On 3rd November 1755, the day after her birth, the little Archduchess Maria Antonia Josefa Johanna von Hapsburg of Austria, Alsace and Lorraine was baptised. Her first name, which she shared with all the Hapsburg Princesses, was given in honour of the Virgin Mary, for whom the family had a particular veneration. Her other names were given in honour of Saint Anthony (one of the patron saints of Portugal), her godfather Jose, King of Portugal, and Saint John The Evangelist.
The ceremony took place at noon in a beautiful and recently-built ante-camera in the Church Of The Augustine Friars, which was the traditional church used by the Austrian court. The entire Imperial family, with the exception of the mother, the Empress Maria Theresa, who was recovering from the birth, sat in the front pew, looking on as the Archbishop of Vienna, Cardinal Von Trautson performed the ceremony. Usually, it was the Papal Nuncio who baptised the Imperial children.
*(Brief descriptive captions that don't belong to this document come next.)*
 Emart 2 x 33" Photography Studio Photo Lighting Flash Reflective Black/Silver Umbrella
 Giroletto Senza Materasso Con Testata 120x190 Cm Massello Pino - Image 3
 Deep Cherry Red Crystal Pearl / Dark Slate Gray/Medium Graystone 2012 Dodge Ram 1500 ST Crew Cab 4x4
But because the new Nuncio, Cardinal Visconti, hadn’t been formally presented at court yet, that wasn’t possible.
The baby’s godparents were the King of Portugal Jose and his Queen, Mariana-Victoria of Spain, who obviously weren’t present at the ceremony. At the time, royals weren’t expected to travel such distances to be present at a baptism. The baby’s eldest siblings, Joseph and Maria-Anna, were appointed proxies for the royal couple. Although it was not known at the time, the King and Queen of Portugal had been forced to flee their capital, which had been devastated by an earthquake, just the day before. When news reached Vienna, superstitious people considered it a bad omen for the future of the little Archduchess.
However, this was a day for celebration in Austria. A gala was held later in the day to celebrate the birth and a few more took place in Vienna and other important cities of the empire, such as Prague, in the following days. But because Marie Antoinette was only the last daughter to be born in a very big family, these celebrations were toned down and not particularly extravagant.